==== DATASET RECORDS ====

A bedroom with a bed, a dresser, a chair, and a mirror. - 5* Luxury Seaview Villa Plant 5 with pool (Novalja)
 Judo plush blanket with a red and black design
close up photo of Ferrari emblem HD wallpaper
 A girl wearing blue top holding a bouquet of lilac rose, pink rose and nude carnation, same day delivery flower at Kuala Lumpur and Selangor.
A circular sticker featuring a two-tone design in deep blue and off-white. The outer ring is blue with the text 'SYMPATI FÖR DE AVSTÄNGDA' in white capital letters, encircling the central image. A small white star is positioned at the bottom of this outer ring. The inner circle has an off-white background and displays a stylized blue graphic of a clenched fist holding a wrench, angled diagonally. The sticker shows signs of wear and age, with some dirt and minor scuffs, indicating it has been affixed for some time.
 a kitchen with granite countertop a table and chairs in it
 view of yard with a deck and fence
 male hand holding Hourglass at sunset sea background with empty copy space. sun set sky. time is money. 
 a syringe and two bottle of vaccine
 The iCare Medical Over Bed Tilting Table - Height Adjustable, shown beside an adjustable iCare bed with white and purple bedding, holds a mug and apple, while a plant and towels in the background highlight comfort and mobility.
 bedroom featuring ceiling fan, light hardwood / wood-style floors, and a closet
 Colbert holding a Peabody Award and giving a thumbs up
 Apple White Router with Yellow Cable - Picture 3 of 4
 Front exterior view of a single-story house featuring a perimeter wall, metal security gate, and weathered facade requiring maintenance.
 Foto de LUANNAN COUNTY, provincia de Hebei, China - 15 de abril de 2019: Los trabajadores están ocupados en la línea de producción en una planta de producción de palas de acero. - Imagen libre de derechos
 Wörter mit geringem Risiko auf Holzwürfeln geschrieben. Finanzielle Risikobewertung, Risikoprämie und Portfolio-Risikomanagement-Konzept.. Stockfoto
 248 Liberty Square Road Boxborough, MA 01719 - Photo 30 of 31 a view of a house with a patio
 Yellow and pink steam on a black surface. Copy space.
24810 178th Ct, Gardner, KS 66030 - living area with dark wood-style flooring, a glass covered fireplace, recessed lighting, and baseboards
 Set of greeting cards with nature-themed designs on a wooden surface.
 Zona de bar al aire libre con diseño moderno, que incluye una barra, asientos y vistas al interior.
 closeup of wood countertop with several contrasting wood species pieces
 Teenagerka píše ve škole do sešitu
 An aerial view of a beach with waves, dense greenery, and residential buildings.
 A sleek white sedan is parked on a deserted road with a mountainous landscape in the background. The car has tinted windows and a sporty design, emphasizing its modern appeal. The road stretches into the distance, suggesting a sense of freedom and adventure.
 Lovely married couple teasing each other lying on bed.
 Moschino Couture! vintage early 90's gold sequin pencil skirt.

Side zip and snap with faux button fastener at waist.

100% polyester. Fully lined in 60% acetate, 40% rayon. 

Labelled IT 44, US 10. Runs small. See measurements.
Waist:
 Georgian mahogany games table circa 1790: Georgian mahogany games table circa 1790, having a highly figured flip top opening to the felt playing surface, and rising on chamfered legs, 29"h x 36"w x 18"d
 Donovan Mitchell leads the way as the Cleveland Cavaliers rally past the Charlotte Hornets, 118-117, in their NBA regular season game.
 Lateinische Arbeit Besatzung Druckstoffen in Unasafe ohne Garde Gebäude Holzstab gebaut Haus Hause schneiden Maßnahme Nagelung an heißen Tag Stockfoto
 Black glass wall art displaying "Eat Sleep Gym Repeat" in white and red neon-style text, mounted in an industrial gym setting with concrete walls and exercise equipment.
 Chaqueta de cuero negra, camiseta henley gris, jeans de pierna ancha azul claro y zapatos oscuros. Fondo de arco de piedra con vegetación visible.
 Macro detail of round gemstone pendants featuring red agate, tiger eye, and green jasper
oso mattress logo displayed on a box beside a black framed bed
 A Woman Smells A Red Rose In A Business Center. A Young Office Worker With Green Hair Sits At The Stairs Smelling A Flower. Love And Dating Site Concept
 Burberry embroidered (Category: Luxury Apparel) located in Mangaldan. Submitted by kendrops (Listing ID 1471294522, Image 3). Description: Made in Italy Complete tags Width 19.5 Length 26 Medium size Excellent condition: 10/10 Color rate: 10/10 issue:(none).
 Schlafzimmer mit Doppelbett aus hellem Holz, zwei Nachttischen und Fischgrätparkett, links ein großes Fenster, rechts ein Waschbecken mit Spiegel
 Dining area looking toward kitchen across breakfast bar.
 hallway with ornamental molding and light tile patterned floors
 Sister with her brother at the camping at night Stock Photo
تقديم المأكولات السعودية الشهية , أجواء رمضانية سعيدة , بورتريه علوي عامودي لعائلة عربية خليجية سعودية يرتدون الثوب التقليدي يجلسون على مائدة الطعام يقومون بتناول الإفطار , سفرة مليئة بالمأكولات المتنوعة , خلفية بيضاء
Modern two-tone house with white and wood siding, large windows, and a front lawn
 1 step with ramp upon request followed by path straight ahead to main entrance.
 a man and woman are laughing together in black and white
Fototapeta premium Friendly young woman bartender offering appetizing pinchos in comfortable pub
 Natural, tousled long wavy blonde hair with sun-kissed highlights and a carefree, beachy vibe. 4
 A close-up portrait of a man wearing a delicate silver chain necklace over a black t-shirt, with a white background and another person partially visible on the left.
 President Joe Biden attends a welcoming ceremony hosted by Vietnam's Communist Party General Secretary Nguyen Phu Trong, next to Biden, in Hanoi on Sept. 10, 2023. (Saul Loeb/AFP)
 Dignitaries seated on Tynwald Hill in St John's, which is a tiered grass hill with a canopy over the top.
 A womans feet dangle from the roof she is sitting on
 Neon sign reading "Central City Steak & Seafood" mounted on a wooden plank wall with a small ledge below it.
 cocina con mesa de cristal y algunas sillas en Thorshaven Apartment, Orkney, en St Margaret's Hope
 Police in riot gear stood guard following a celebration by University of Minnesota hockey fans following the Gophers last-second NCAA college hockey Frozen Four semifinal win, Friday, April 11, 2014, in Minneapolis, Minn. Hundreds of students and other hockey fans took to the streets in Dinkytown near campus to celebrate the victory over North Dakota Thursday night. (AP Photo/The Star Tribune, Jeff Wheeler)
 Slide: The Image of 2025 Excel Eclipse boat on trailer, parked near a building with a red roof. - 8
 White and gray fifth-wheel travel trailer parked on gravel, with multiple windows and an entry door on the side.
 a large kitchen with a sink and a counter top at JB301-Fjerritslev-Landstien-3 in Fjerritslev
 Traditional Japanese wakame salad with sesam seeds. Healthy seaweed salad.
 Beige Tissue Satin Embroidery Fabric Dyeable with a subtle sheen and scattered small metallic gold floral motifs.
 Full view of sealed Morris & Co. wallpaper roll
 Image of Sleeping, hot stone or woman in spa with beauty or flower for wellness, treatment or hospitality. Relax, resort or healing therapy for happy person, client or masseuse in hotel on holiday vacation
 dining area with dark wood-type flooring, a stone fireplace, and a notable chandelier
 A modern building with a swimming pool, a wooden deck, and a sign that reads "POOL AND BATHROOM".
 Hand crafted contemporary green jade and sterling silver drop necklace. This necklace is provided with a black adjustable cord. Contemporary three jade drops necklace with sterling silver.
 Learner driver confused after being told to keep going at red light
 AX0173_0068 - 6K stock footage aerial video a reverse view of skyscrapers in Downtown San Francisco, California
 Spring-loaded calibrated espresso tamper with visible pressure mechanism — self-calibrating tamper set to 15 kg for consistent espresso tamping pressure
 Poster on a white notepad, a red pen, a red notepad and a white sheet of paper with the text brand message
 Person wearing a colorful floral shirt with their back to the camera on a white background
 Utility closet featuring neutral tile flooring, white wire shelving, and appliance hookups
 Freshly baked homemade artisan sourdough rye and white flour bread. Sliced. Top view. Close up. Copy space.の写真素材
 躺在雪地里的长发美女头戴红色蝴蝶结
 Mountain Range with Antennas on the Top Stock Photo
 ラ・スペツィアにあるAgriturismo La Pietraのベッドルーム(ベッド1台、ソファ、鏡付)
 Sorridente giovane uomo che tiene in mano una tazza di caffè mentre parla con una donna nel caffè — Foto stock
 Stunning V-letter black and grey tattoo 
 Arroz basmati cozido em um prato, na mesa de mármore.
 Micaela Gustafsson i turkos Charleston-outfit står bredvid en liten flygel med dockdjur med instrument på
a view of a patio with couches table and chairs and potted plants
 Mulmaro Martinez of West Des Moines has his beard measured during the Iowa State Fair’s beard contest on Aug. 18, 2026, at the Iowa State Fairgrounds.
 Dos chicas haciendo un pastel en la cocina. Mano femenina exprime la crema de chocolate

====

> [ACTIVITY] Going back to the entries above, set down exactly the lines that begin at the one with "oso mattress logo" and end at the one with "تقديم المأكولات السعودية", both included, and nothing else.

> [OUTPUT]
oso mattress logo displayed on a box beside a black framed bed
 A Woman Smells A Red Rose In A Business Center. A Young Office Worker With Green Hair Sits At The Stairs Smelling A Flower. Love And Dating Site Concept
 Burberry embroidered (Category: Luxury Apparel) located in Mangaldan. Submitted by kendrops (Listing ID 1471294522, Image 3). Description: Made in Italy Complete tags Width 19.5 Length 26 Medium size Excellent condition: 10/10 Color rate: 10/10 issue:(none).
 Schlafzimmer mit Doppelbett aus hellem Holz, zwei Nachttischen und Fischgrätparkett, links ein großes Fenster, rechts ein Waschbecken mit Spiegel
 Dining area looking toward kitchen across breakfast bar.
 hallway with ornamental molding and light tile patterned floors
 Sister with her brother at the camping at night Stock Photo
تقديم المأكولات السعودية الشهية , أجواء رمضانية سعيدة , بورتريه علوي عامودي لعائلة عربية خليجية سعودية يرتدون الثوب التقليدي يجلسون على مائدة الطعام يقومون بتناول الإفطار , سفرة مليئة بالمأكولات المتنوعة , خلفية بيضاء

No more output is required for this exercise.